On Fri, 08 Jan 1999 13:20:00 GMT, in uk.railway Geoff Bannister
<gbannister.rcts@argonet.co.uk> wrote:

>The interesting thing here, in hindsight as ever, is that Robert Riddles,
>when he was the CME of BR, set his face firmly against dieselisation,
>arguing that the way forward was to electrify and pointing out that, if we
>dieselised, we would then set back electrification by a generation while the
>book cost of the diesels was reduced. This is precisely what happened in
>respect of the ECML. It was for that reason that Riddles stuck to his guns
>over the Standard steam programme. 

Absolutely right.  It also irrevocably affected the long term future of the GWML
and the Trans-Pennine lines and probably others too.
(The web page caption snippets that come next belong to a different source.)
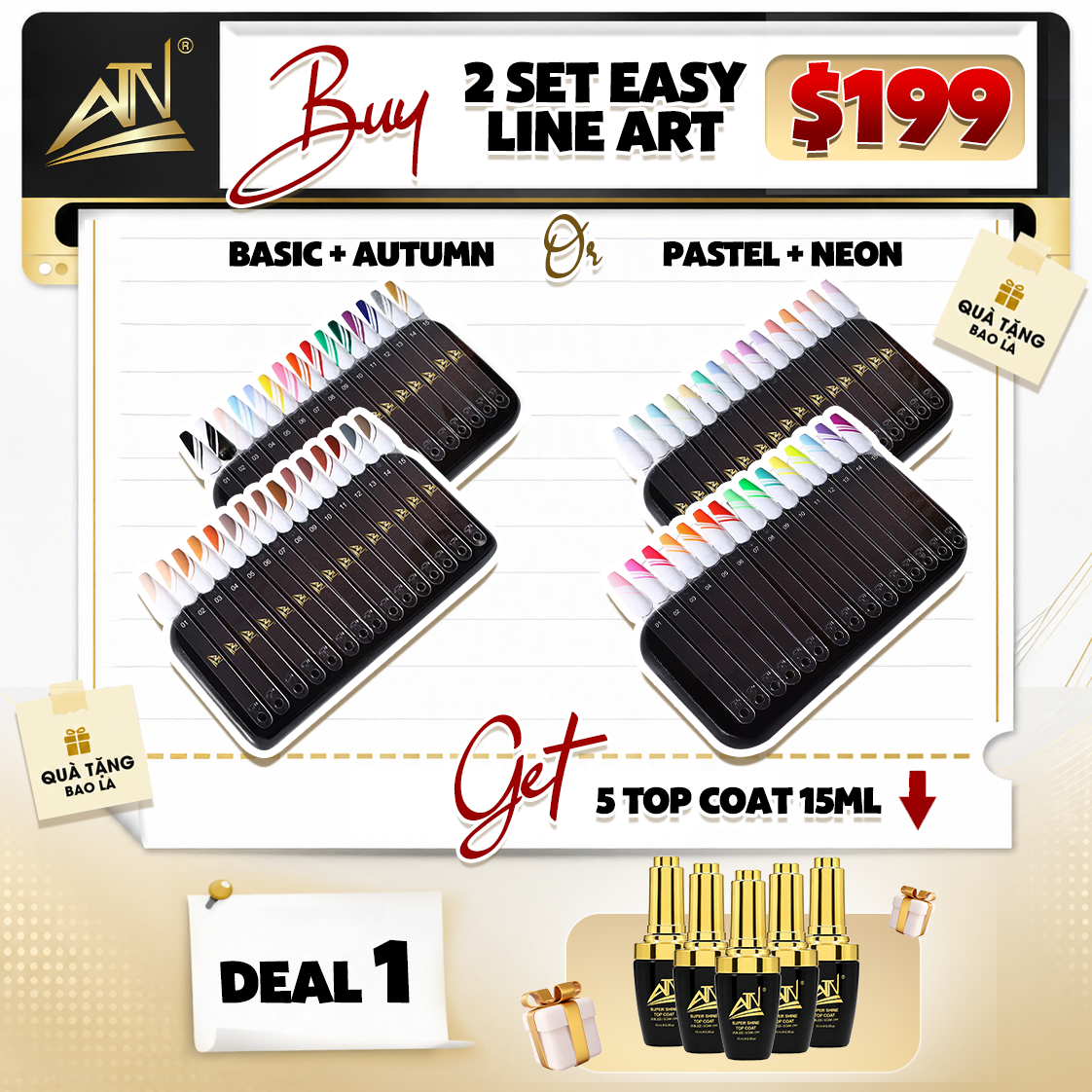 ATN Easy Line Art Gel Set Bundle + 5 Free Top Coat 15ml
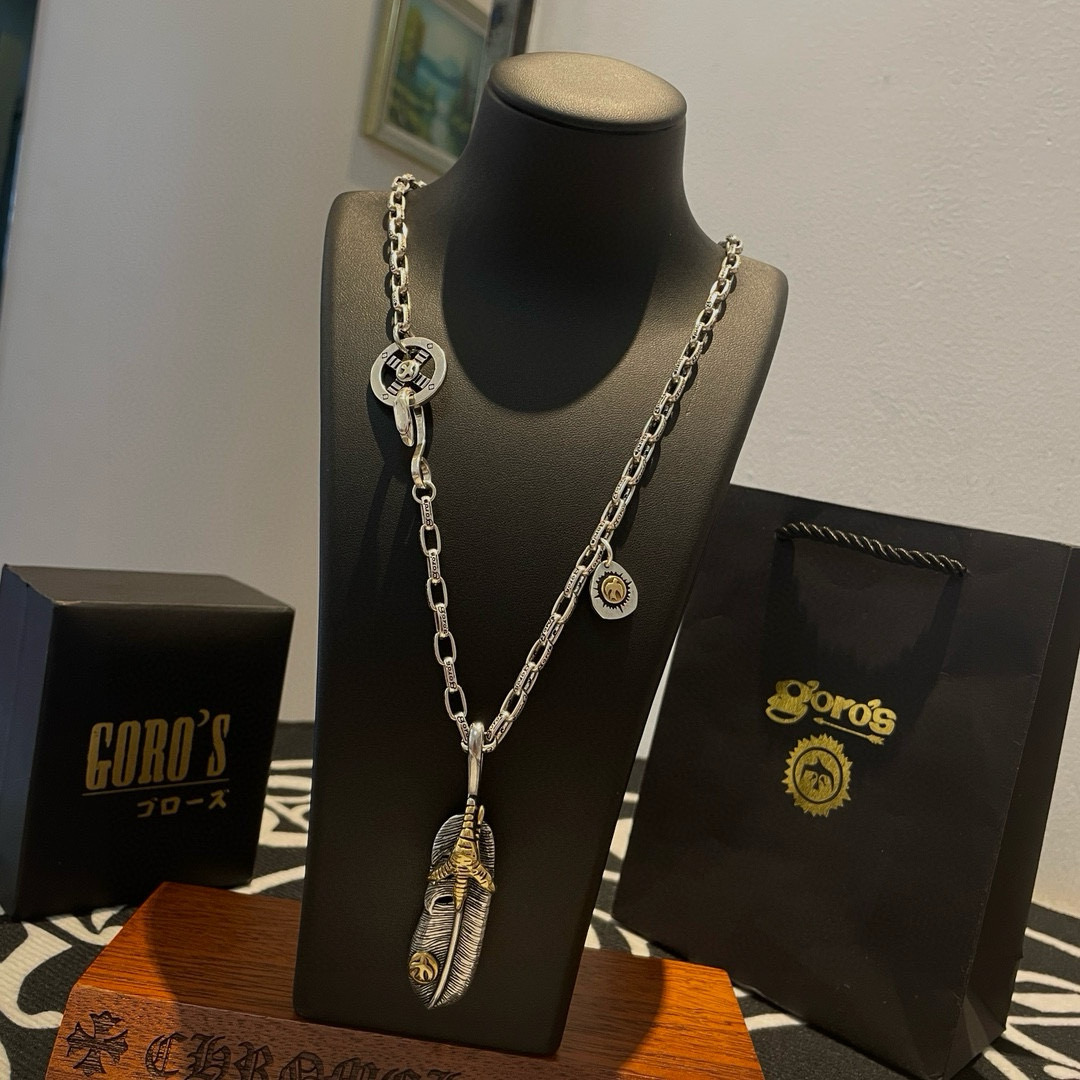  【新品上架】Goro’s高桥吾郎鹰爪羽毛吊坠，高桥经典字母项链，顶级版本，认准独家拍摄，主攻高端市场 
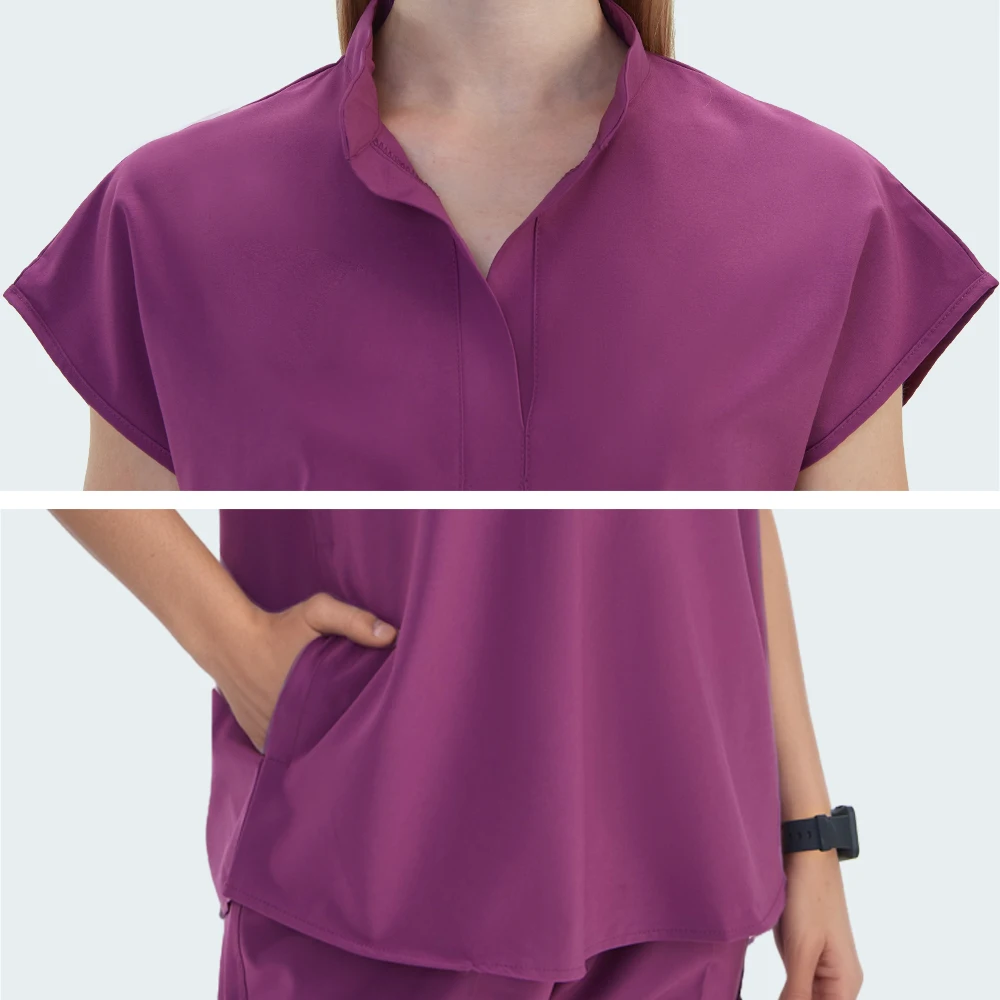 Mandarijn Kraag Verpleegkundige Chirurgische Scrub Sets Ziekenhuis Uniformen Stretch Jogger Broek Tuniek Top Tandheelkundige Verplegingspakken Stretch S180-02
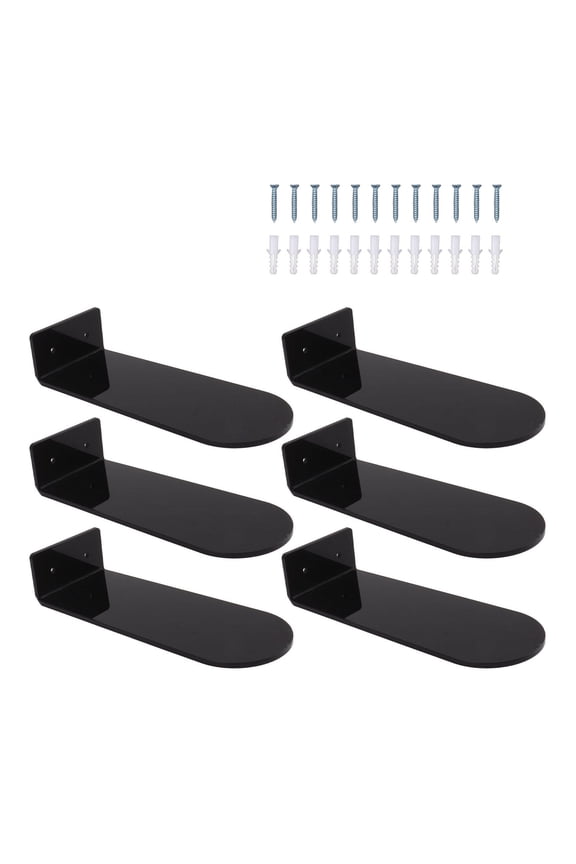 6‑Piece Floating Acrylic Shoe Shelves – 7.9” Length, 3.94” W x 10.24” L, 3.15” H – Wall‑Mounted Display for Sneakers, Running & Basketball Shoes – Black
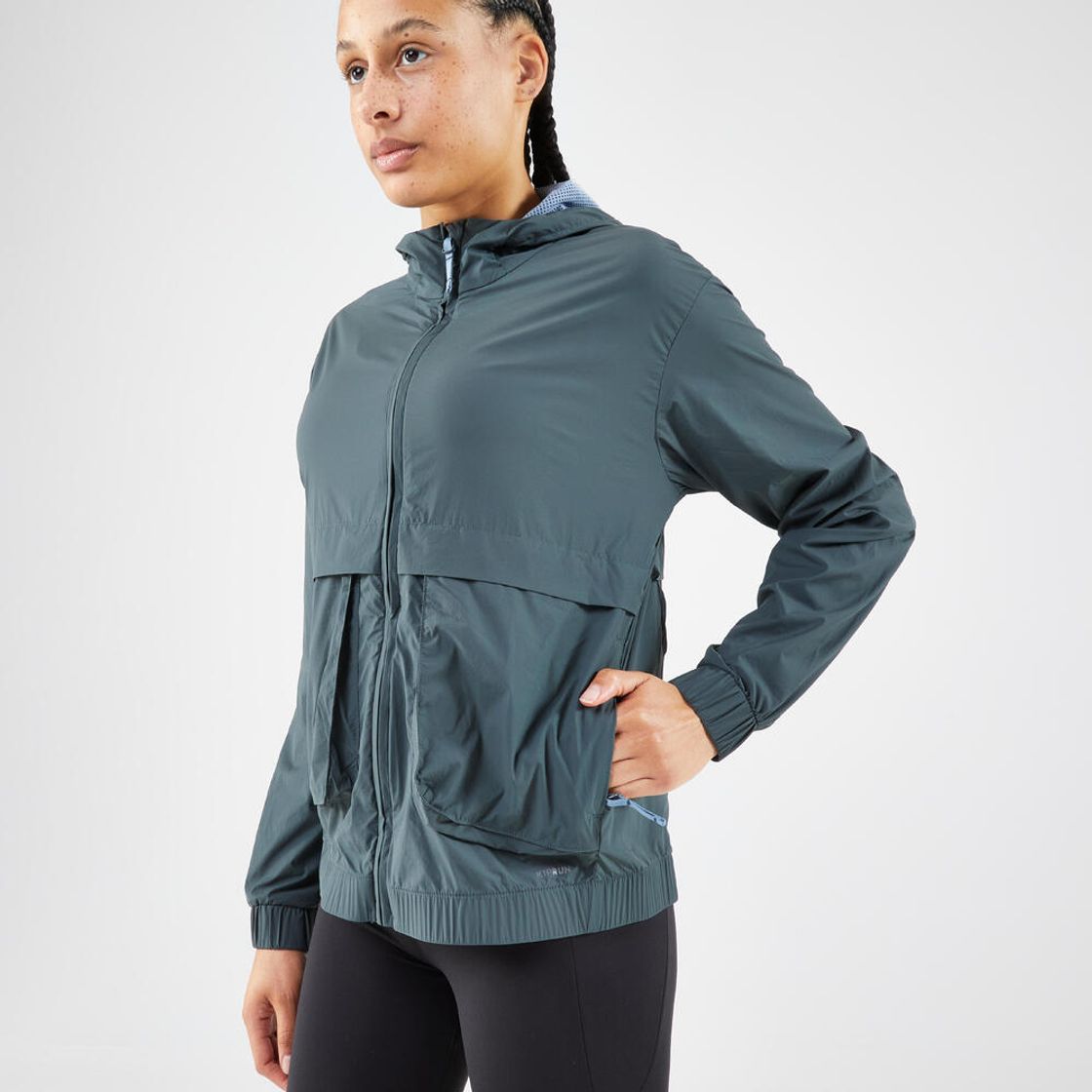 데카트론 여성 러닝 경량 윈드 자켓 런 500 스모크 그린(Decathlon Women's Running Lightweight Wind Jacket Run 500 Smoke Green) - 6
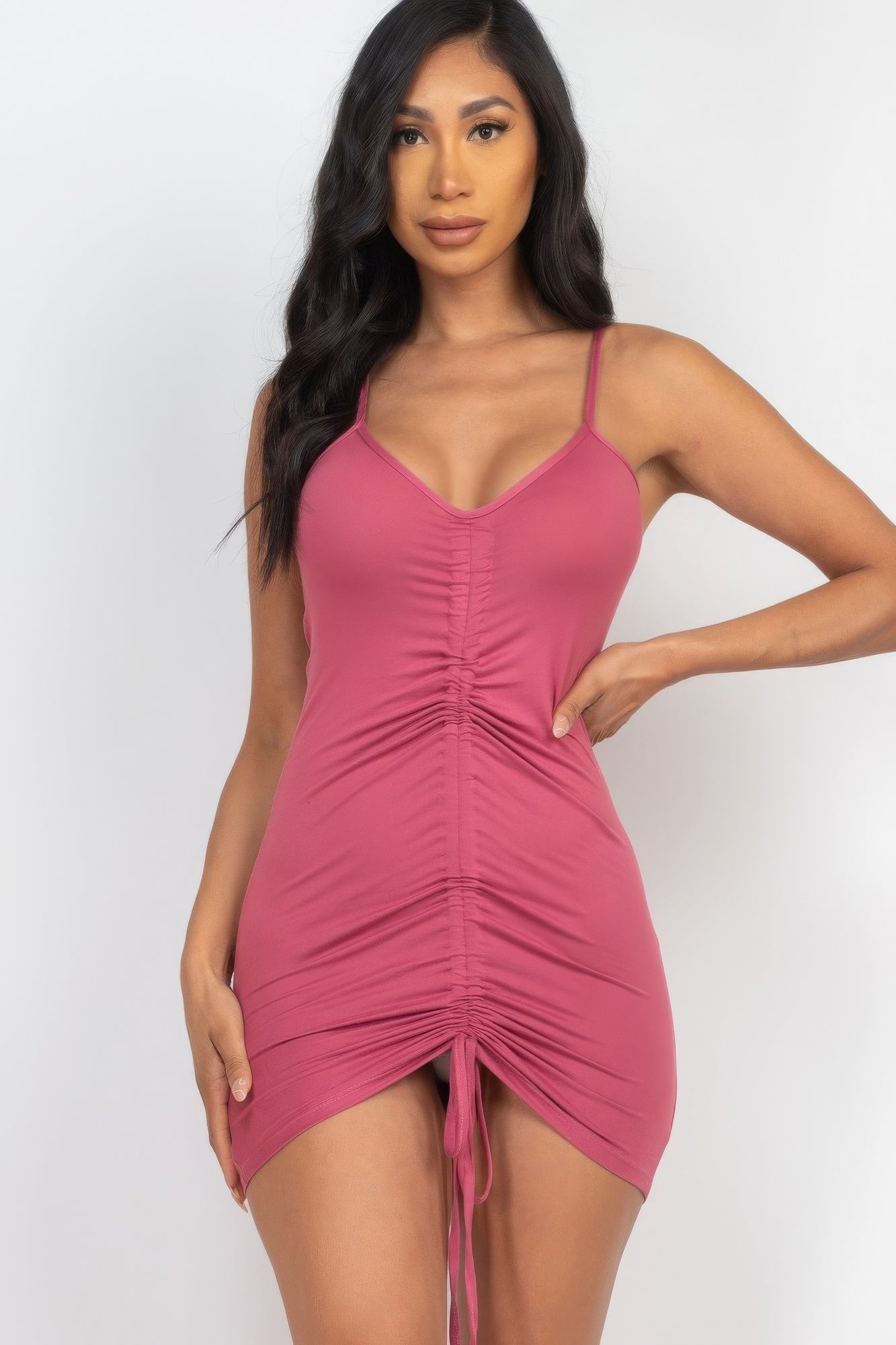 Adjustable Ruched Front Detail Mini Dress - ShopEasier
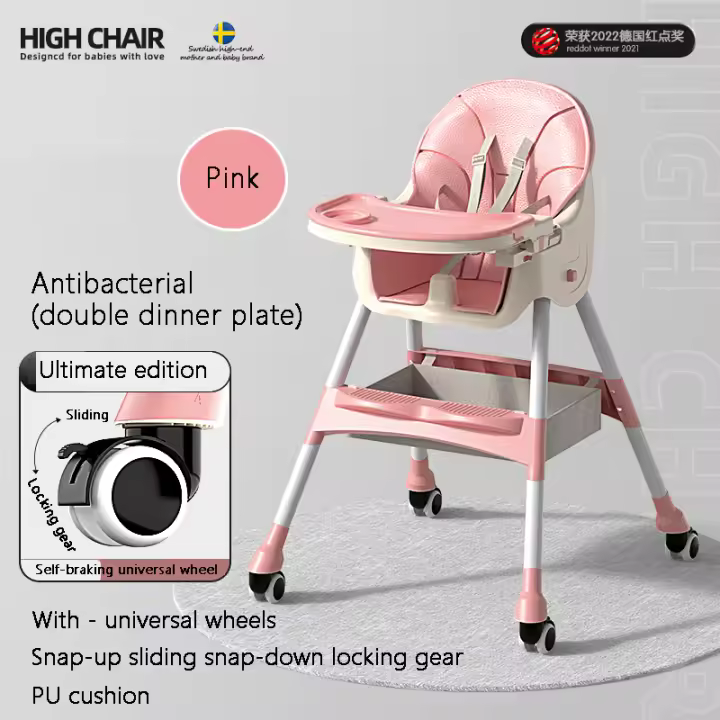 Silla de Comedor Plegable para Bebé Asiento de Comedor Multifuncional para Aprender a SSentar en Casa - 1
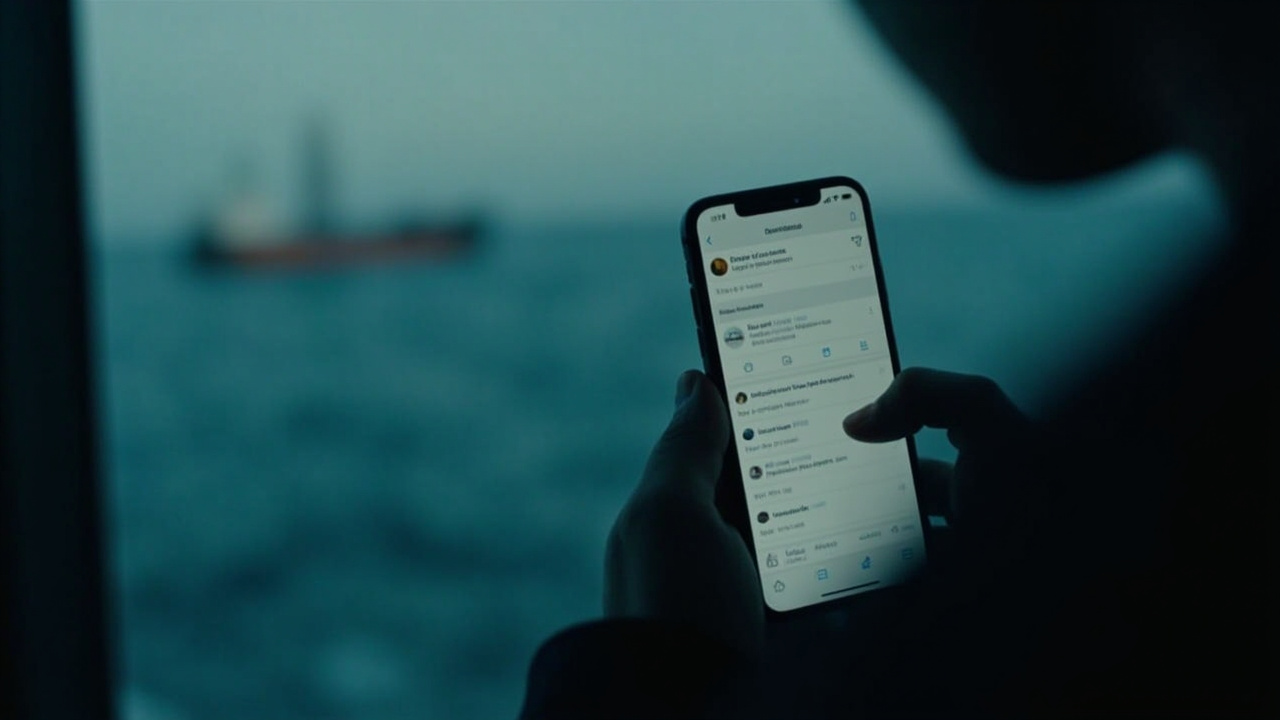 Truth Social post displayed on a phone screen with oil tanker in background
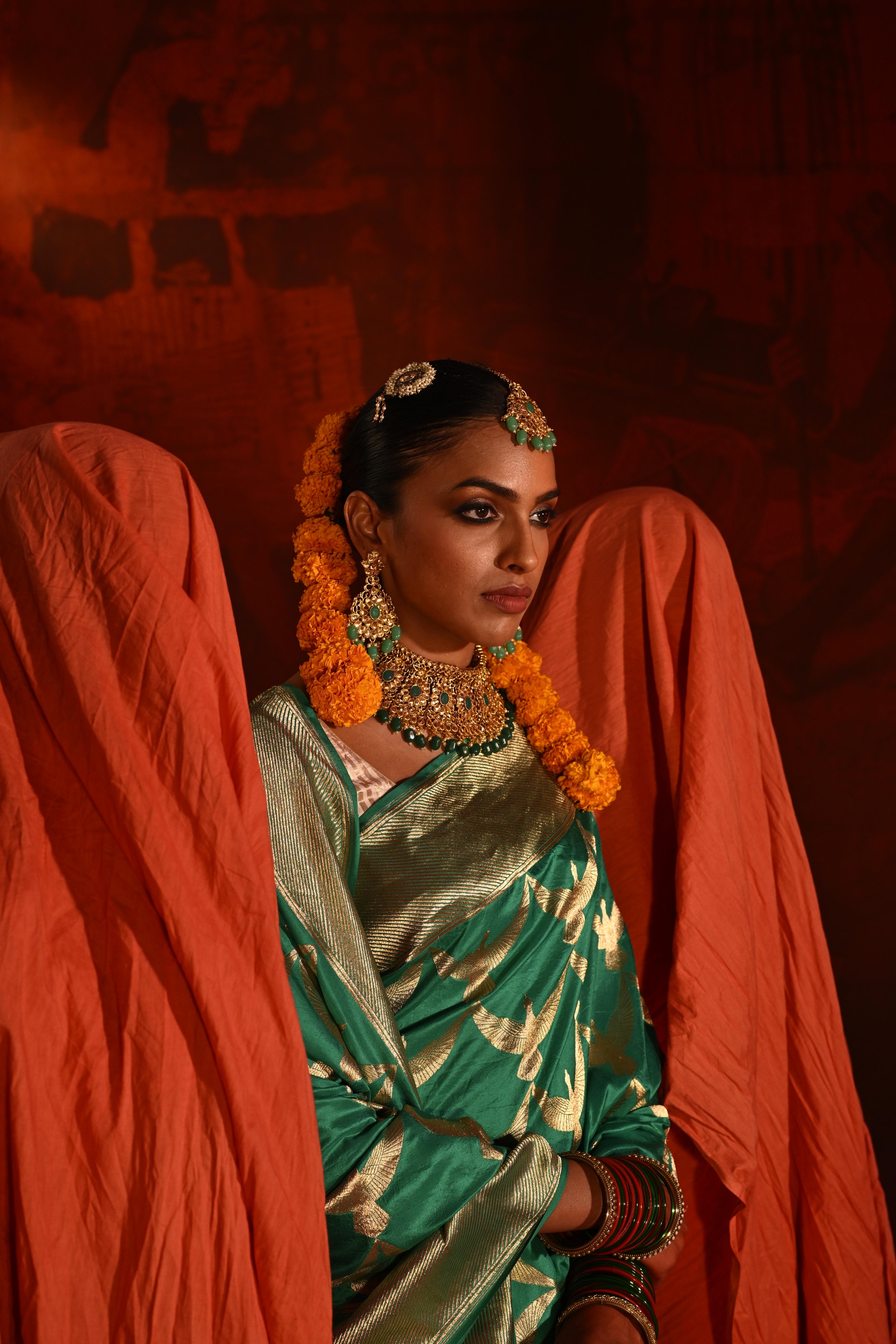 Teal Green Silk Saree with All-Over Zari Weaving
>If BR had been able to keep to its stated
>way of developing the Modernisation Programme - ie by running the Pilot
>Scheme diesels for 2/3 years before bulk ordering, we might not have seen
>the railways in the financial mess they got into and might have avoided the
>waste of huge sums of money which occurred as a result. 

If only that were true.  BR completely failed to respond to the massive changes
in its market during the 1950s.  BR senior management fiddled while Rome burned,
meanwhile huge losses rapidly mounted.  

>It was the
>Government which stampeded BR into accelerating the Modernisation Programme
>by massive orders for untried (and sometimes unbuilt!) classes and started
>the worsening financial slide which brought Beeching, who by the way was not
>a railwayman but a hard nosed businessman, into the equation.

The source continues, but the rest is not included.